Шрифт:
Закладка:
Перейдем к армии. Я бы сказал, что здесь есть положительный результат. Главный механизм, воспроизводивший высокую дистанцию власти в армии, – это дедовщина. Она отнюдь не является советским изобретением – дедовщина так или иначе исторически существовала во многих армиях мира, была связана со своеобразными культами, представлениями о мужской солидарности, иерархии и т. д. Но, разумеется, преодоление дедовщины означает шаг к радикальному снижению дистанции власти, потому что страна с призывной армией пропускает через этот канал достаточно много людей.
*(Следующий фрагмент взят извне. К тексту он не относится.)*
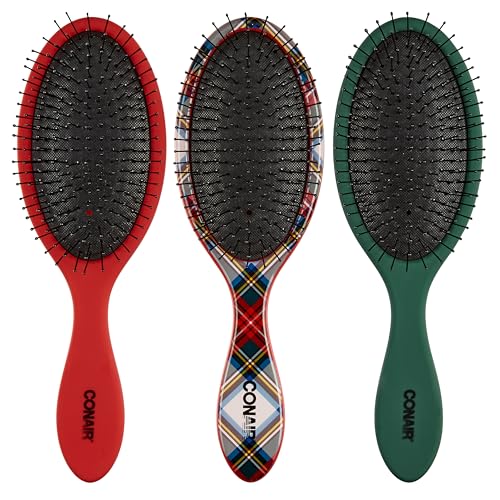 Conair Detangling Hair Brush Set 3 Pack, For Wet, Dry and All Hair Types, gifts for her, stocking stuffers, holiday gifting, Detangling Brushes for Women in Tartan, Red, Green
Что можно сказать о России? Сокращение срока призывной службы – это довольно важный источник положительного эффекта. Поле дедовщины схлопывается. Нельзя сказать, что она исчезла совсем, но, думаю, что ее безраздельное господство пошатнулось.
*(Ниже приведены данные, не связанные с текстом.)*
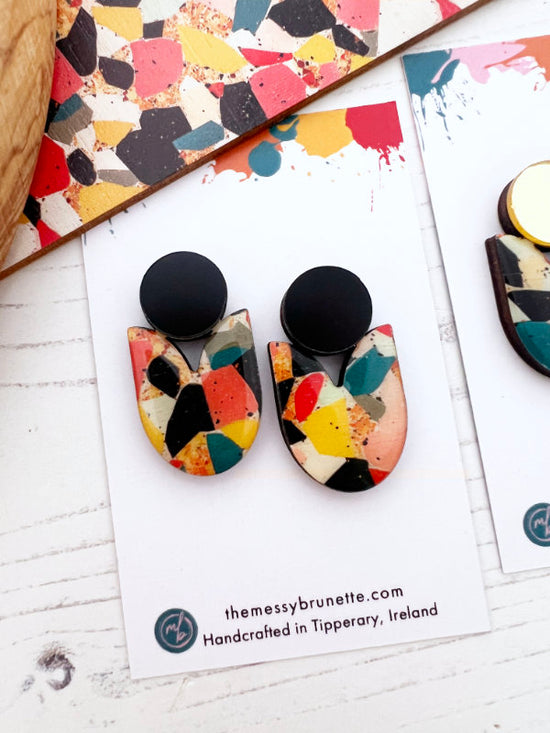 Colourful Mosaic Large Stud Drops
Теперь обратимся к той среде, в которой живет человек, и начнем с пространства. Пространство ведь тоже может транслировать ценности и идеи. В 2012 году в проекте Большой Москвы мы проводили совместные исследования с Институтом «Стрелка» и прекрасным голландским архитектурным бюро ОМА, очень известным в мире. Мы исследовали город как текст и город как трансляцию ценностей. Мы сравнивали опыт искусственно созданных мировых столиц, таких как Санкт-Петербург, Астана-Нурсултан, Канберра, Бразилиа, Вашингтон. И наиболее успешным в смысле трансляции ценностей оказался опыт Санкт-Петербурга.
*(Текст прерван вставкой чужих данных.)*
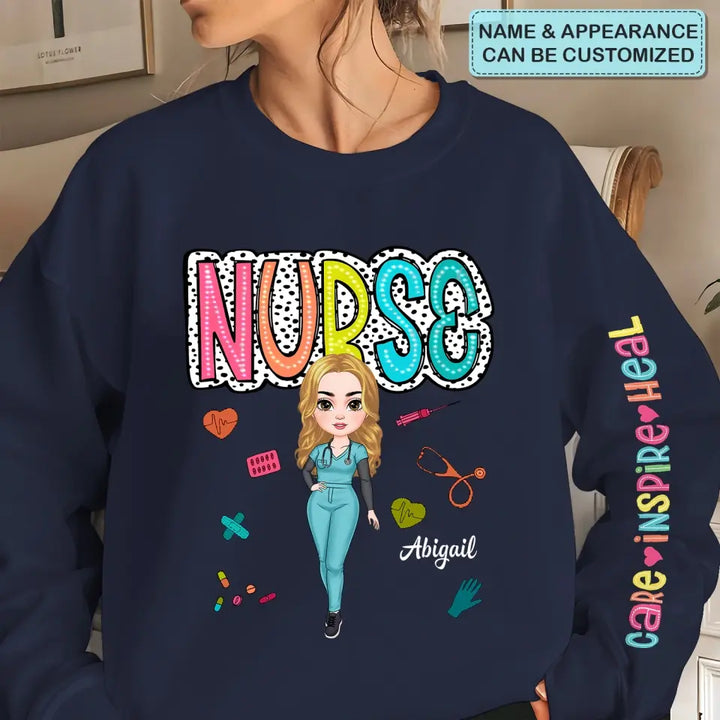 Care Inspire Heal  - Personalized Custom Sweatshirt - Nurse's Day, Appreciation Gift For Nurse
Давайте остановимся только на двух чертах. Одна очень специфическая для Санкт-Петербурга: то, что там верфи оказались в центре города. Это ведь фактически трансляция ценности труда – той самой ценности, которая создала эффект протестантизма. Но гораздо важнее, с моей точки зрения, Летний сад, который был тиражирован в виде городских садов во всех губернских и уездных городах. Летний сад – это место, где верховная власть встречается со своими подданными, и при этом никто не падает ниц, все могут гулять вместе, разговаривать друг с другом. Это был очень серьезный и абсолютно сознательный удар, нанесенный реформатором Петром I по азиатской дистанции власти, которая, видимо, мешала ему в его реформах. К сожалению, именно в Летнем саду в 1866 году студент Дмитрий Каракозов выстрелил в гуляющего царя-освободителя Александра II. Близость власти и подданных иногда порождает тяжелые эксцессы. Но тем не менее это большое достижение и важный ценностный посыл.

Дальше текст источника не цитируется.